In NO specific order:
“Oh I hang out in Scorpion for 108 minutes every morning before breakfast!” Please. Give me a break. Honestly, I can do Scorpion, but there are days when I cannot even freaking do Tree without falling. I’m okay with that and you should be, too.
“Some child spilled their cup of cow milk on my shoe at the playground and I nearly vomited! MILK!! MILK!! Can you imagine?!?! Gross.” Someone said that to me once. If I’m lying, I’m dying. I swear to Elvis and all that is holy, some crazy obsessive vegan said that to me. WHAT THE WHAT? Here’s the deal: eat or drink what you want. Don’t eat or drink what you don’t want. YAY for Vegans – I love many! But don’t for one second pretend to be so sanctimonious and sensitive that you cannot even tolerate a toddler – a TODDLER (they spill EVERYTHING) – spilling 3 drops of milk onto your shoe. Get over yourself, please, or I may be forced to vomit my bacon sundae upon you.
“I’m so much better / holier / yogier / more enlightened than you!” Really? REALLY? Yeah. That sounds terribly enlightened. Thanks for living the “we are all one” yoga model. You rock. :rolls eyes:
“I LOVE everyone!” Bullshit. I find that utter bullshit. I don’t love everyone. I don’t even like everyone! Now, do I respect the rights of everyone? Yes. Do I see everyone as my fellow human and thus a member of my human family? Yes. But let me just say: I don’t even like all the members of my birth family, much less every member of my human family! I’ll fight for your rights until the day I die, but that doesn’t mean I won’t also fight you.
“I just LOVE Kirtan! You can’t have a yoga life without it!!!” Okay, I admit, I do like some Kirtan. But I also do like some WHAM! , Kid Rock, and Ganesha knows I think the sun rises and sets in Shooter Jennings’ cowboy boots. I’m more likely to be found back stage, center stage, or sneaking onto the stage at some honkey tonk with a strong drink in hand and rowdiness in my heart than sitting on a cushion chanting “Hare Rama!” Again, I LOVE KIRTAN and I have, and will again, pull out that cushion, but only once for every 40 concerts I attend.
“Nice tights!!” They’re tights. They’re not yoga pants. I can see your underwear and everything under them. I’m okay with that if you are, but you should know that if I can see through them, so can the dude on the mat behind you.
“My kids never anger me. They are our future, they are our everything. If we show them anger or limits, they might know that they have anger and that they have limits!” Oh please. Children need to be able to explore allllllll their emotions and feelings. They need to be able to get angry. And DEAR SWEET ELVIS ON VELVET, kids need limits. If you think you’re doing the right thing by not limiting your children, why don’t you go on ahead and read We Need to Talk About Kevin.

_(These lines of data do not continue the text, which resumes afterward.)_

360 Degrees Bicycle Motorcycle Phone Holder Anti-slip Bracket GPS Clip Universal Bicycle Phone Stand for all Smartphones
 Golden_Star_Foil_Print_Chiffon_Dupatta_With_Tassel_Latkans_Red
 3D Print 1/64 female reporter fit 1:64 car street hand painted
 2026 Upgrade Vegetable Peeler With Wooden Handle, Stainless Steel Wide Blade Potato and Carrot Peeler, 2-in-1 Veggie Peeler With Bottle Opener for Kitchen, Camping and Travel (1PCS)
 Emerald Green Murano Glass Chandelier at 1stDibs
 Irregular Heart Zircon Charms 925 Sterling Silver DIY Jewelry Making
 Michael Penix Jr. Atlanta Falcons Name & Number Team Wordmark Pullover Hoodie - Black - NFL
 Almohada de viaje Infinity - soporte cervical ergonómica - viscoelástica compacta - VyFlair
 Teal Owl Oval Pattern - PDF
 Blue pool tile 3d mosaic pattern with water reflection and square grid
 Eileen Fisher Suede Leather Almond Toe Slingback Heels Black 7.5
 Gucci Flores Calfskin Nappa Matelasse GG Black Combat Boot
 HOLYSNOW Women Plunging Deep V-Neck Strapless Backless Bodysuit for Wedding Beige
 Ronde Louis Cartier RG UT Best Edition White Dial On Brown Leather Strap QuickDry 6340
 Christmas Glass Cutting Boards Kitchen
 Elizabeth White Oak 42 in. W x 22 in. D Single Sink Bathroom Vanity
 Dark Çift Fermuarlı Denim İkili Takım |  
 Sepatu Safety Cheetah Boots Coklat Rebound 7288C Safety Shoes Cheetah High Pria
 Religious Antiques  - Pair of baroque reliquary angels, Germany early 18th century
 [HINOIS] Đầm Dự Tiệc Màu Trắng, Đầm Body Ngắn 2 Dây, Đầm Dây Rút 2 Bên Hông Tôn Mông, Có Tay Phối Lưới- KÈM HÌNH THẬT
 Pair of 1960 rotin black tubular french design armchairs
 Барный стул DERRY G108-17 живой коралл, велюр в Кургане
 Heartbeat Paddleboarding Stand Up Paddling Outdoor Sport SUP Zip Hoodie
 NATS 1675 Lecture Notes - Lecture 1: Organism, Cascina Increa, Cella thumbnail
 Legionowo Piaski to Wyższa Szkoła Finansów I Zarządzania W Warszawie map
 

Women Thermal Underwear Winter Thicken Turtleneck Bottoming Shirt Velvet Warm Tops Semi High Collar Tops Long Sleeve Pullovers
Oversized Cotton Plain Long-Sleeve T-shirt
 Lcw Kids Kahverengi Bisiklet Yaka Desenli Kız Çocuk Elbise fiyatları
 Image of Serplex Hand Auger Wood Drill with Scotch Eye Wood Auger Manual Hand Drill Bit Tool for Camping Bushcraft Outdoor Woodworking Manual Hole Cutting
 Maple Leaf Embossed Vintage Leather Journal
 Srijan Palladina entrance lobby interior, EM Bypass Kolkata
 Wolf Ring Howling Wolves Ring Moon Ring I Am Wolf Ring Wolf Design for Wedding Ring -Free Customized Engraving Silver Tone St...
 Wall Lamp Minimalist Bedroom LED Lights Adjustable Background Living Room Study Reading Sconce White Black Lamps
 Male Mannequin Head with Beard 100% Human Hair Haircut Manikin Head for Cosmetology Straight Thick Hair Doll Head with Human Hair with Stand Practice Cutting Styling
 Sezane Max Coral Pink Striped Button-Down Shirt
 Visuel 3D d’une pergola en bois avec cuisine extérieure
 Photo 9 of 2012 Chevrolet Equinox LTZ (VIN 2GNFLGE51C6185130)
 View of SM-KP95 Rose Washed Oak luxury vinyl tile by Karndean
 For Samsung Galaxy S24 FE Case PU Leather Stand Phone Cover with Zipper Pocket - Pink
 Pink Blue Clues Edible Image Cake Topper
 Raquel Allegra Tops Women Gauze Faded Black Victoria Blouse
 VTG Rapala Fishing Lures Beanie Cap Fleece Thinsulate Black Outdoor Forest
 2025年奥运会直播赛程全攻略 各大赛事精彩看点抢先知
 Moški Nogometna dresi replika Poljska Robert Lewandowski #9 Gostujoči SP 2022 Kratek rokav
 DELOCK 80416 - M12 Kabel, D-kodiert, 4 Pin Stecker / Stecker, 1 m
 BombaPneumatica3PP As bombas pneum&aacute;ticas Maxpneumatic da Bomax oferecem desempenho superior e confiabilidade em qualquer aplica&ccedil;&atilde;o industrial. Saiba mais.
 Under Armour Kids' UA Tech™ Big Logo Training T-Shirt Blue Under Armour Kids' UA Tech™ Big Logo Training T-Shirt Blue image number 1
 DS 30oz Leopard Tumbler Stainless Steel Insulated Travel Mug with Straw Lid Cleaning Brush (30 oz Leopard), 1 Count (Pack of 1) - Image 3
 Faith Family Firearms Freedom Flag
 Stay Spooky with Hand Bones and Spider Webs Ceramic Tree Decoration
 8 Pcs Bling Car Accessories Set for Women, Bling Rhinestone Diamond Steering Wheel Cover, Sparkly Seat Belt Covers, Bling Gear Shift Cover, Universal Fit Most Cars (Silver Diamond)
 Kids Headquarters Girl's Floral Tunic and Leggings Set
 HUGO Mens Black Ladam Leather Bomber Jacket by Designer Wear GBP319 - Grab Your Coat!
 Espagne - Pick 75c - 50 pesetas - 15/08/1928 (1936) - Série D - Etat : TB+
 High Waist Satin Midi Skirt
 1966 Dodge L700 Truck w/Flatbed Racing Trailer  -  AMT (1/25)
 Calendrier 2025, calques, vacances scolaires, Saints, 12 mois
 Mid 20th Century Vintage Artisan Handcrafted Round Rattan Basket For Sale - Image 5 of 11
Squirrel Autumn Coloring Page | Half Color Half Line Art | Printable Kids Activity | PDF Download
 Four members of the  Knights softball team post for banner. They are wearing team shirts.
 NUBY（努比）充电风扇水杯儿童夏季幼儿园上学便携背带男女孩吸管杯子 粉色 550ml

“I can’t hang out with you because you’re my student, I’m your teacher, and I’m SO much better than you!” Oh please. PLEASE! This is such shit. When I hear teachers saying that they never would have lunch or dinner or a drink (tea is a drink, yo) with their students unless it’s a “teaching moment,” all I can think is, “Sweet sassafrass, you don’t have many friends, do you?” I’ll be honest – if I can’t hang with someone without them “teaching” me, well then, I won’t hang out with that person at all. And neither should you! Listen up: every teacher is a student, every student is a teacher. First round is on me, second is on you.
I’m not better than you (well, most of you — ugh, still struggling with that) and you’re not better than me. Yoga is meant to meet us where we are and take us where we’re *all* headed. You’ll not reach enlightenment any faster by avoiding bacon nor will I reach it any slower by running to roadhouses. We’re all on the same journey and we will all reach the same samadhi eventually, it’s just that our paths might take different routes to get there. So if it makes you feel better to take what you assume is the high road, you go right ahead. More power to you. I’ll take the dirt road and, I promise, we’ll cross the finish line together at exactly the same time.